Dépenses en défense en proportion du PIB (%)
Sur la base des prix et taux de change de 2015
* Ces alliés ont des lois ou des engagements politiques demandant que minimum 2% du PIB soit dépensé en défense annuellement.
Notre mission en Lettonie projette-t-elle suffisamment de puissance? Justin Massie, codirecteur du Réseau d’analyse stratégique de l’Université du Québec à Montréal (UQAM), en doute. Pour lui, le Canada n’a pas les capacités nécessaires pour diriger cette opération.

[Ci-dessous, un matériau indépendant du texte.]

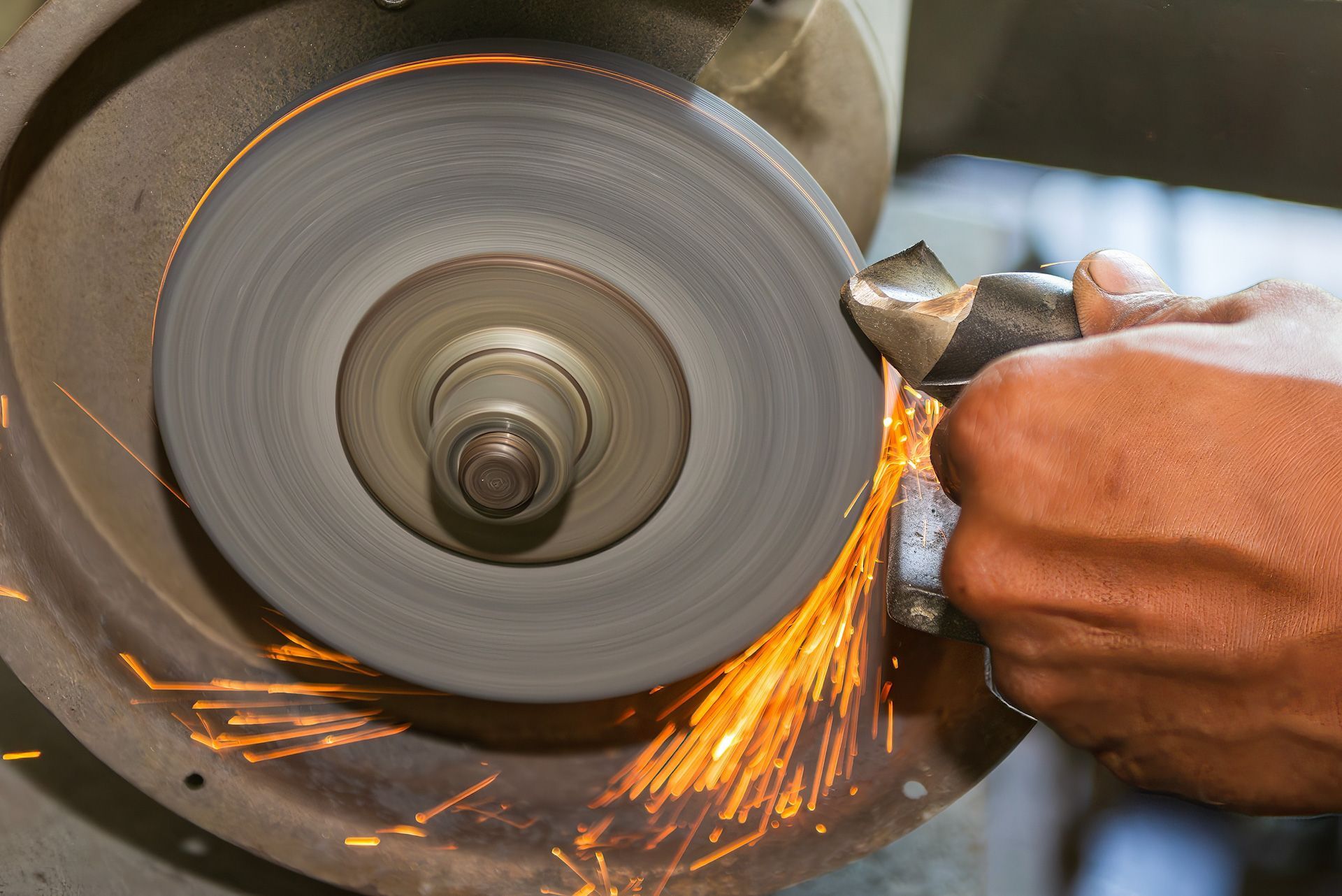 A person is grinding a piece of metal on a machine.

Manque de matériel et de soldats
«Notre engagement en Lettonie expose les limites des Forces armées canadiennes (CAF)», renchérit le président de l’Institut canadien des affaires étrangères, David Perry, qui pointe le manque d’équipement et de soldats pour assurer une présence solide sur place.
Par exemple, nous ne pourrions pas assurer seuls la protection navale et aérienne de nos soldats au sol en cas de bombardements, puisque nous n’avons pas suffisamment d’avions de chasse ou de navires de combat pour en déployer dans le secteur, indique M. Massie.
Même pour se protéger de drones kamikazes, nos soldats dépendaient, jusqu’à tout récemment, de l’équipement de leurs collègues italiens. Afin d’y remédier, la Défense nationale a commandé une batterie de défense aérienne en urgence.
«C’est une défense collective, modère le lieutenant-colonel Lavoie. Chacun arrive avec sa capacité. Par exemple, nous on est arrivé avec nos chars d’assaut. Les Italiens n’en ont pas. On a des radars pour détecter les menaces aériennes que les Italiens n’ont pas.»

Trump pourrait tenter Poutine
Il souligne que le caractère multinational de l’opération fait justement sa force: «Si la Russie attaquait ici, elle attaquerait la moitié de l’OTAN d’un coup sec. Ce serait une décision stratégique extrême de leur part».
Tant que les Russes sont embourbés en Ukraine, une attaque est «hautement improbable», estime M. Massie. Toutefois, le scénario pourrait rapidement changer advenant un cessez-le-feu entre Kyïv et Moscou et une volonté russe de tester l’OTAN maintenant que les États-Unis ont un président qui remet en doute l’alliance.
De quoi donner des sueurs froides aux Lettons puisqu’«il n’est pas clair que le contingent serait capable de stopper une attaque tous azimuts de la Russie», même en combinant les forces des treize nations présentes, s’inquiète M. Massie.

701 703 400$
C’est ce que le Canada a dépensé pour assumer sa mission en Lettonie depuis 2017, indique le ministère de la Défense, et le compteur continue de tourner. Que faut-il en penser?
«C’est beaucoup moins que ce que coûterait une guerre. Il faut le voir comme une police d’assurance. Ça me semble complètement raisonnable par rapport aux bénéfices d’assurer la paix. Assurer la paix en Europe, c’est assurer la paix au Canada et la stabilité économique mondiale», explique M. Massie.
En comparaison, le Canada a dépensé environ 18 milliards $ pour se battre en Afghanistan et tenter de reconstruire le pays. 158 de nos soldats y ont été tués et plus de 2000 y ont été blessés.